David, Sara, Ed, and special guest Greg Nemet break down solar’s trajectory on Episode 29 of Energy vs Climate.
@40:02 - Canadian Solar – Global
About your co-hosts:
Gregory Nemet's research focuses on understanding the process of technological change and the ways in which public policy can affect it. He teaches courses in policy analysis, energy systems, and international environmental policy. Supported by an Andrew Carnegie Fellowship, Nemet published a book in 2019, "How Solar Energy Became Cheap: A Model for Low-Carbon Innovation," about how solar photovoltaics provide a model for low carbon innovation. He was awarded the inaugural World Citizen Prize in Environmental Performance by APPAM in 2019 and is currently a lead author for the Intergovernmental Panel on Climate Change 6th Assessment Report.
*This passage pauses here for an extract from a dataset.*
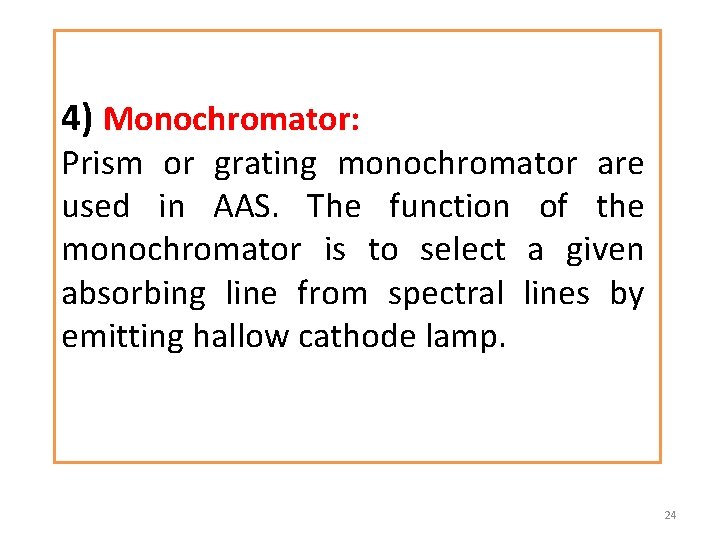 4) Monochromator: Prism or grating monochromator are used in AAS. The function of the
David Keith is a professor at Harvard in Engineering and the Kennedy School. He is the founder of Carbon Engineering and was formerly a professor at the University of Calgary. He splits his time between Canmore and Cambridge.
Sara Hastings-Simon studies energy transitions at the intersection of policy, business, and technology. She’s a policy wonk, a physicist turned management consultant, and a professor at the University of Calgary and Director of the Master of Science in Sustainable Energy Development.
Ed Whittingham is a clean energy policy/finance consultant, fellow at the Public Policy Forum and a mentor with the Creative Destruction Lab. He is the former executive director of the Pembina Institute.